# CS 252 - Homework #1

Homework 1 is due Monday September 16 at 5 PM. Turn it in in the appropriate box in 283 Soda. Note that the building is locked (for those who do not have keycard access at 6:45 PM during the week, as well as on the weekends.

Homework assignments should be done in pairs. Each pair is to do their own work, separate from the other pairs. Each pair turns in one solution.

• 4.14, all parts (a-k)
• 4.25, table of pros and cons + short essay
• B.3, all parts (a-g)
• B.15, table of pros and cons + short essay

Here are a few simplifications and clarifications regarding question 4.14:

• Assume that Figures 4.2 (page 224) and 4.63 (page 367) have been changed to the following:
instruction
producing result
instruction
using result
latency in
clock cycles
FP ALU opanything3
Figure 4.2

instruction
producing result
instruction
using result
latency in
clock cycles
FP multiplyanything6
integer op
anything0
Figure 4.63

For the purposes of the scoreboard and Tomasulo's algorithm, assume that a latency of n cycles implies an execution time of n+1 cycles.

If you already did this problem with the more complex assumptions written in the book, don't worry. Just state what your assumptions are. There's no need to redo any work.
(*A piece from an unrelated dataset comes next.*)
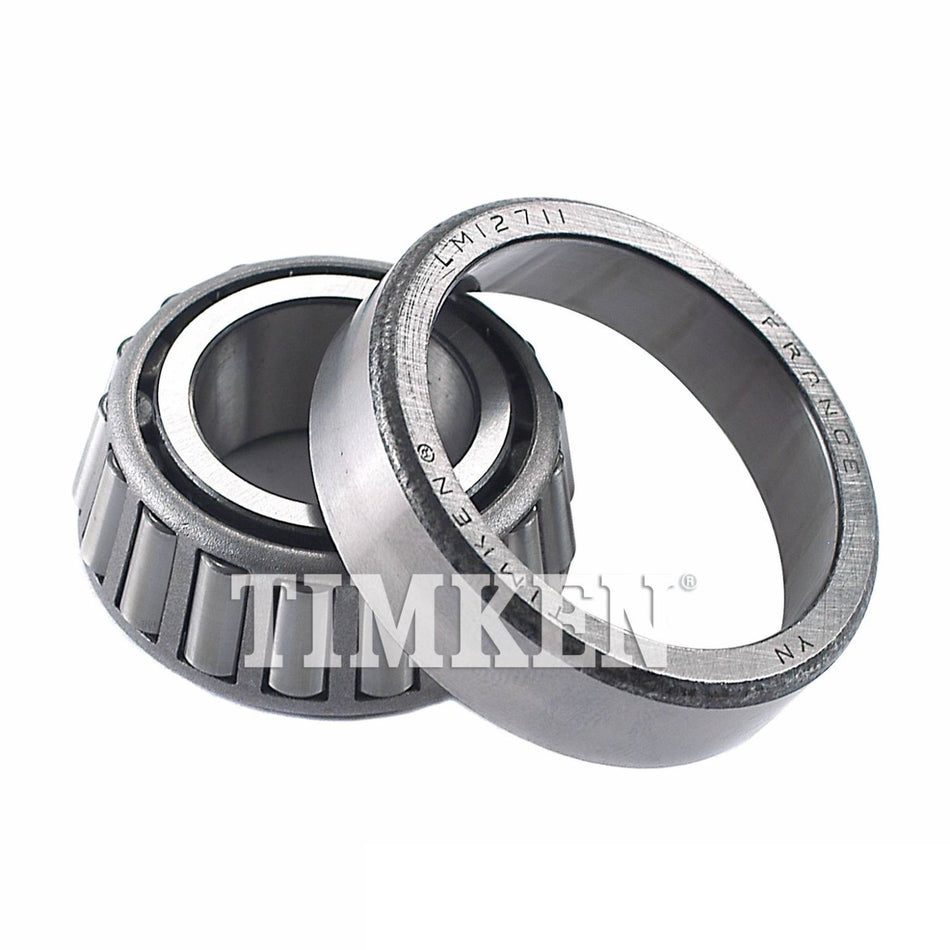 Timken SET16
• Note that the scoreboard and Tomasulo's examples, as presented in the book and in lecture, do not pipeline the floating point units. However, similar behavior can be achieved by either pipelining a unit or replicating the unit.
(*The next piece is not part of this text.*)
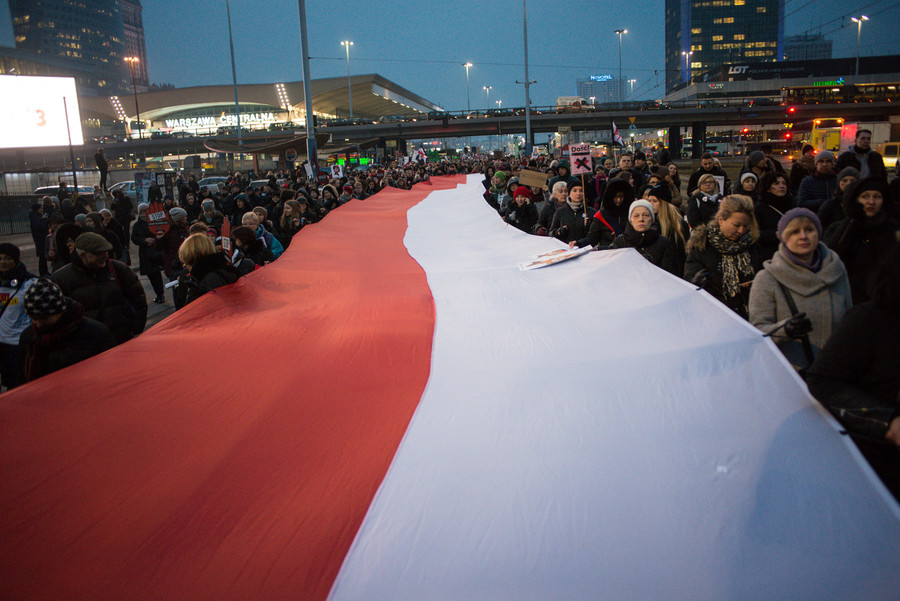 Poland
• As was done in class, it is only necessary to show the floating point unit with respect to the scoreboard and Tomasulo's algorithm.

• When parts (c) and (d) of 4.14 say "there is on integer functional unit that takes only a single execution cycle (the latency to use is 0 cycles, including loads and stores)", that means that the cost of an integer operation is simply 1 clock cycle ticking by. Yes, this is unrealistic, but the point of the question is to concentrate on the behavior of the floating point unit.

• Assume that while DLX has the necessary forwarding to accomplish the latencies mentioned above; the scoreboard implementation can not read an operand until after it has been written back to the register file (scoreboard); and Tomasulo's algorithm can not get a result until it is broadcast on the CDB.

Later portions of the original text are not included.